Writes Theunis Bates, managing editor of The Week magazine, “All over the U.S., friends and relatives who found themselves on opposite sides of the political divide are now wondering if they can sit across the table from one another and talk turkey.”
For months escalating personal posts on Facebook that commented about a favored or reviled candidate have often included an implicit (or even explicit) judgment about ignorant friends and/or family members who could intelligently or morally support an evil candidate like X or Y. The implied message is that unless you agree with me on this obvious choice then you don’t have a brain, a heart, a conscience or all three.
So I have some recommendations for making a holiday gathering that is supposed to be about not just gratitude but unity (as reflected in the first Thanksgiving being a potluck dinner with pilgrims and Indians).
If you are the host
If you are the host for Thanksgiving dinner, you might consider sending out a friendly, even playful, e-mail or text to your guests announcing that the home and table will be a Politics-Free Zone and that any violators will be sent to the children’s table and be served boiled hot dogs and macaroni & cheese. You may have to remind your spouse of the rules. The host family models the expectations for guests.
You can put up a friendly sign on the front door that says “Happy Thanksgiving! You Are Entering a Politics-Free Zone.”
What do I do if someone does start in on politics? Just give a quick and friendly reminder of the PFZ. Put a toy sheriff’s badge on your sweater and point at it with a smile and “ahem.” Because you can’t be everywhere in the house you might deputize another family member or guest. Yes, Andy and Barney are in charge of Thanksgiving this year.
But what if that doesn’t stop someone? Like a basketball or football referee you cannot allow the game to get out of hand. And as a host, you are 1) in charge and 2) have the responsibility of protecting your guests.
Plus, as the host you have likely done the bulk of the work for this occasion so let your attitude be, “I’ve busted my butt to make this day special and I’ll be damned if I’m going to let Uncle Frank or my sister Shelly ruin it!” By the way, don’t say that out loud. Just feel it and enforce it gently. And have your deputy back you up on it.
But what if my guest are all in political agreement? While there is certainly less risk of a tabletop war in that case, you have to decide if you are willing for politics to dominate the dinner discussion.
If you are the guest
As a guest you have to allow the host to set the boundaries for the gathering. Be careful not to overstep that boundary by announcing that you are hereby declaring this home to be a PFZ. At most you can mention the idea aloud in a casual and friendly manner, and if the host publicly affirms the idea then you leave the responsibility of reminder and enforcement to her.
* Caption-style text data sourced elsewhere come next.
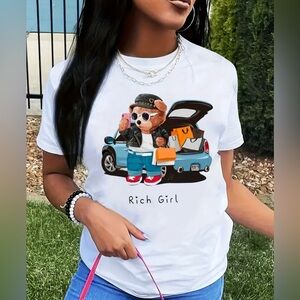 Rich Girl & Bear Print T-shirt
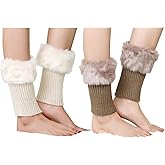 ILUFAM 2 Pairs Women Faux Fur Trim Boot Cuff Socks Winter Knitted Furry Top Cover Leg Warmers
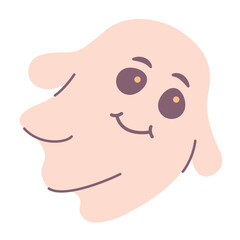 Cute funny happy spirit icon.Isolated on white background.Ghost character. Halloween ghost. Magic scary spirit. Halloween levitating phantom.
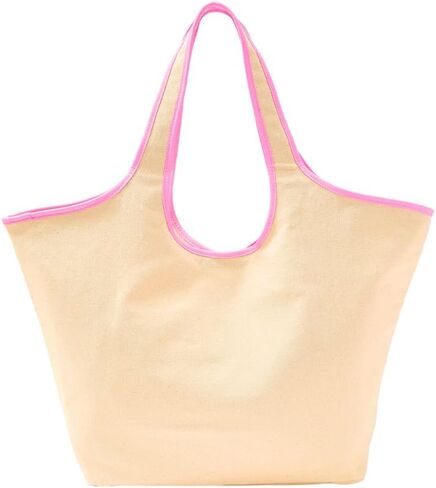 Victoria's Secret Ombré Monogram Logo Tote Bag – Women’s Summer Beach Tote with Gradient Print & Faux Leather Trim in Saudi Arabia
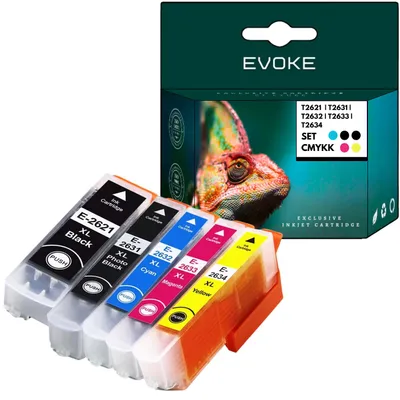 Produktbild von Evoke kompatible Tinte für Epson T2621 T2631 T2632 T2633 T2634 26XL 5x:Fotoschwarz,Schwarz,Cyan,Magenta,Gelb 48 ml Expression Premium XP-510 520 600 605 610 615 620 625 700 710 720 800 810 820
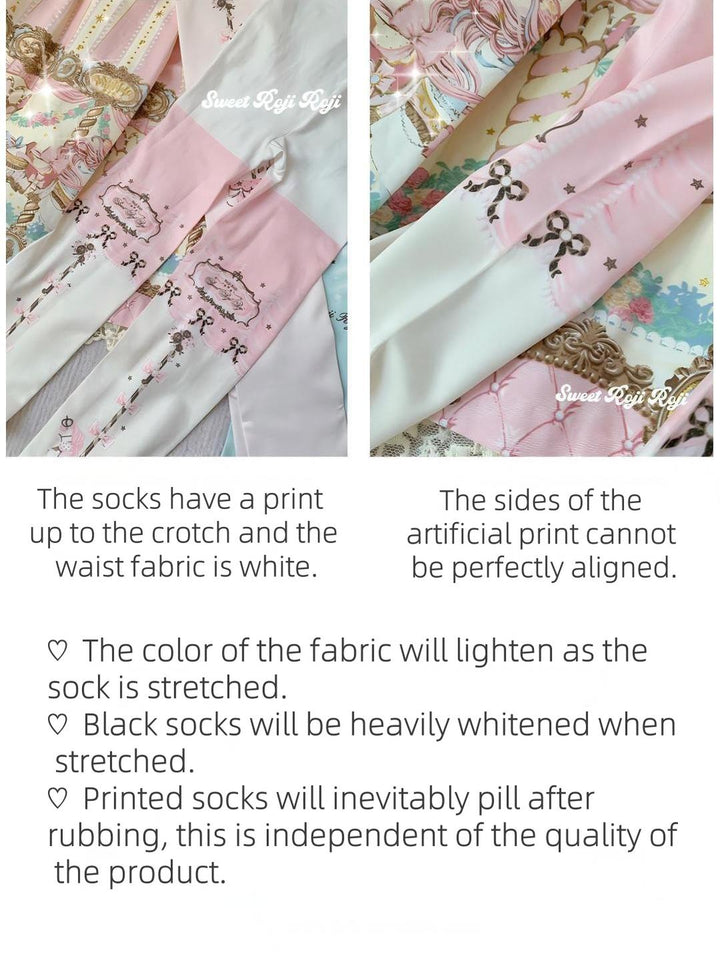 Sweet Lolita Tights Velvet Merry-go-round Printed Socks Multicolor 42366:738100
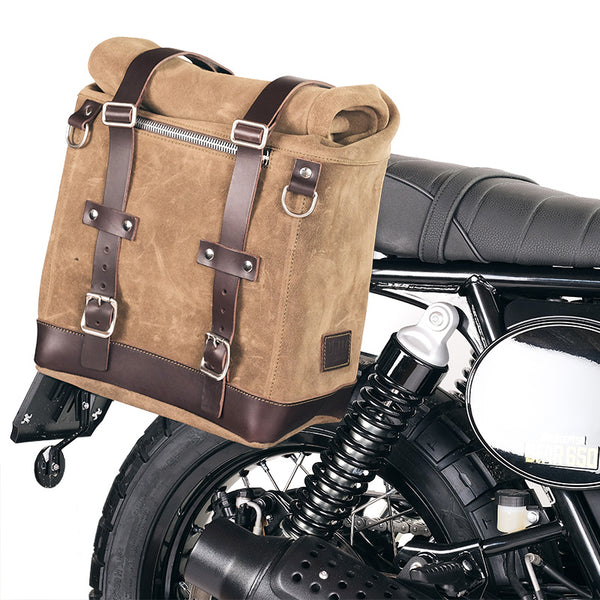Unit Garage U202+3800 Waxed suede side pannier Scram 22L-30L + Subframe Royal Enfield Bear 650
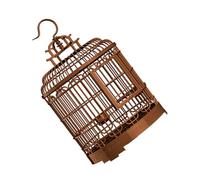 Angoily Portable Bird Cage Travel Aviary Lightweight Plastic Bird Carrier for Budgerigars Lovebirds with Easy-clean Bottom Spacious Vintage Villa Design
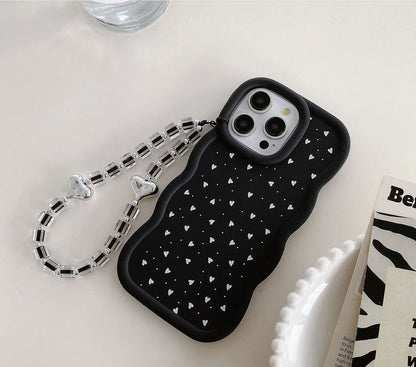 Heart Patterned Wavy Phone Case with Charm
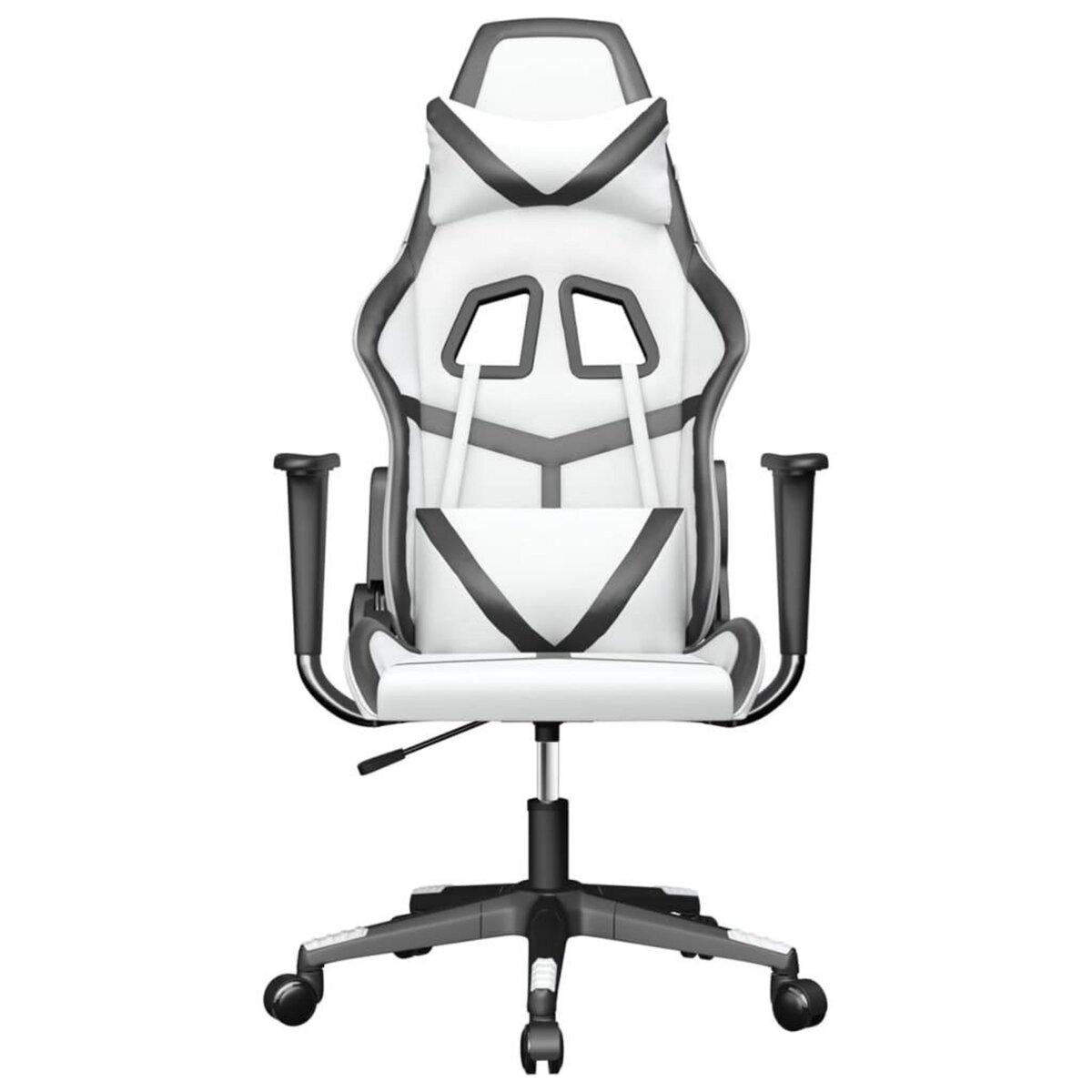 VIDAXL Chaise de jeu Blanc et noir Similicuir
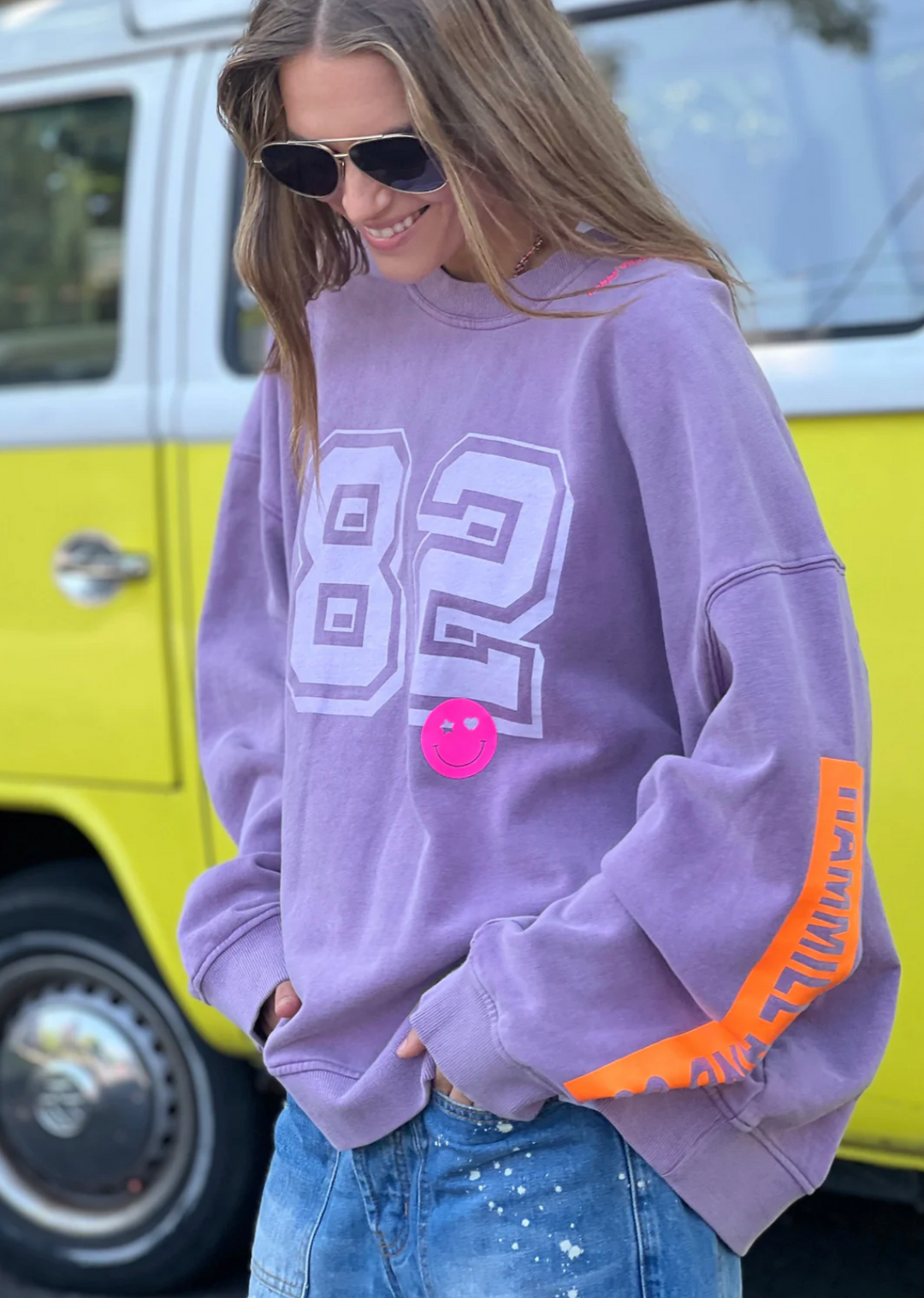 Long Retro Sweat - Washed Mauve - HC5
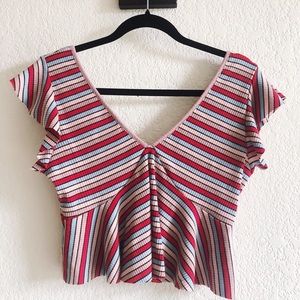 Wild Fable 90’s Flutter Sleeve Crop Top M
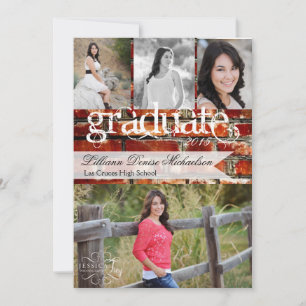 5x7 Brick Wall Grunge Building Senior Faire-part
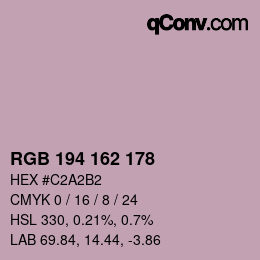 Color code: RGB 194 162 178 | qconv.com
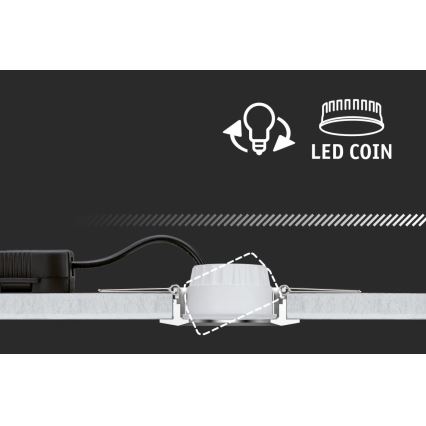 Paulmann 93402 - SET 3xLED/6W IP44 Lámpara empotrable regulable para el baño COLE 230V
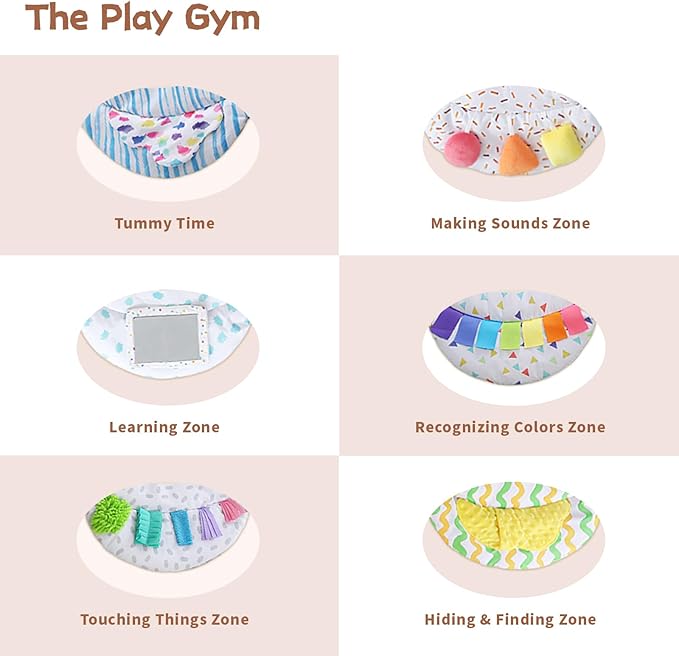Baby Play Gym & Activitiy Mat, Upgraded 6 Developmental Zones, Tummy Time Mat with Sensory Toys for Motor Skill & Sensory Development, Essentials Shower for Baby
Whether or not the host declares the home to be a PFZ, what do I do if someone says something offensive either in general or to another guest? While you may have to bite your tongue almost in half, I’d recommend staying silent and allowing the hosts to intervene. Even with the right intention of protecting someone from a bully, you risk jumping in too quickly or too aggressively. This is how barroom brawls in movies start.
What if the offensive remark is subtly or not so subtly directed at me? Again, you can always stitch your tongue back together later, but I don’t recommend a verbal retaliation. No, you should not accept being insulted and abused, but a factor in how you should respond is the fact that others are present for what it is supposed to be an enjoyable occasion for everyone. How you respond publicly to Aunt Ruth should differ from how you might respond to her in private.
Can you recall Clint Eastwood ever yelling? I can’t either. In his movies Eastwood is usually a man of few words, quiet strength, and a glare that can melt iron and steel.
“Yes, Ramon, but then he usually punches or shoots the bad guy.”
Right, and I highly recommend you not doing that. Stick with the glare. A fire needs kindling wood to keep burning so don’t supply it with your response. Others will likely intervene to defend you and/or the host should step in to remind everyone of the rules of the PFZ.
Note: these suggestions may also apply to Christmas gatherings when considering not only conversation but gift-giving. Maybe giving Ed a roll of Trump toilet paper or a Hillary voodoo doll to Catherine isn’t a good idea this year.